The healing qualities of the water were first discovered by the Romans, who founded the town and built the first bathhouse, which can still be visited nowadays. After the retreat of the Roman legions, the baths were abandoned, but the town flourished again centuries later, when the region became part of the Austrian-Hungarian Empire. Its heyday was the late 19th century, during the reign of Emperor Franz Joseph, when the current historical center was defined. During the communist regime, this great heritage was disregarded and a new large-scale urban center was built, gradually transforming the historical area into a forgotten place. Today, because of the bad management, the whole city is in need of a strategic intervention.

The envisioned program contains two dimensions:
- An urban one: a step-by-step intervention meant to reactivate and complement the existing urban structure. A public-private partnership sustains the development steps: (1) rehabilitation and reconversion of the Casino into a cultural center; (2) new thermal complex + hotel, (3) theater + exhibition halls and artist housing generating a cultural pole; (4) city museum + new outdoor public pool; (5) housing.
- The scale of the thermal complex itself, designed to extend the urban fabric towards the modern town center, to create a new plaza that enhances the space around the church, and to encompass the whole variety of contemporary thermal treatments.

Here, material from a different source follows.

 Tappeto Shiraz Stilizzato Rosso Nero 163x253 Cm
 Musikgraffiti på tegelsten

The design is the result of the need to find a dialogue between pre-existing and new, topography and the built environment. Its form is generated by the water flow, the tectonics, natural slope and vistas towards the historical center.

The object is mostly underground, has one façade that opens towards the waterfront and the urban landscape, and, in terms of sustainability, produces low costs of construction and maintenance.

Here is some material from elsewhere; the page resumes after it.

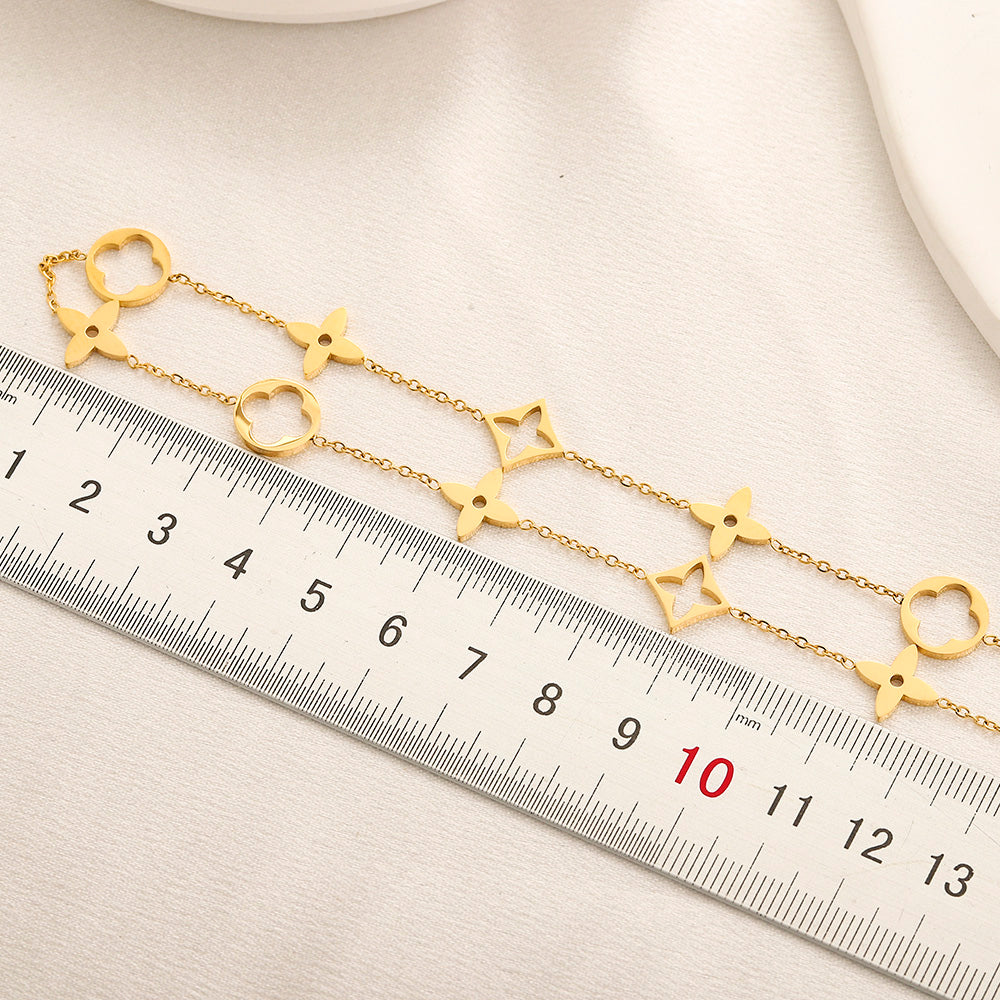 304 Stainless Steel Geometric Floral Link Necklace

In order to create a special atmosphere, local stone is used, along with scenographic skylights.

Iulia Maria Delcea

The key feature of this diploma project is the respect towards both natural and anthropic environment. The great heritage of the town and of the cultural landscape demanded a very subtle intervention, in order to preserve the existing synergy of both architecture and nature. The merit of the design lies in a careful and sensitive approach towards the context, a well studied, balanced negotiation of the site’s characteristics, resulting in an outstanding project.

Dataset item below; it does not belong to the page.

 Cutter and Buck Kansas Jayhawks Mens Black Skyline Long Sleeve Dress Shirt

The student’s preoccupation towards the historical context and the tradition of thermal baths has been well appreciated, as it generated a documented and keen approach, a thorough design that takes into account all the features of contemporary spa treatments. The minimal, but complex design of the interior spaces proves a sensitive attitude towards the programme.

Moreover, one very important aspect is the global implication of the project, the fact that it is directly connected to the main European networks and the fact that it uses an important natural water course as a catalyst, an essential feature of many contemporary urban developments across Europe.

The project is very effective in terms of sustainability, as it has a low impact on the natural terrain and the urban landscape. At the same time, it embraces a full range of activities that will guarantee its efficiency on the urban scale.

I strongly recommend the project as a very good urban strategy towards the rehabilitation and reactivation of an abandoned, historical town, and also for its beautiful architectural design.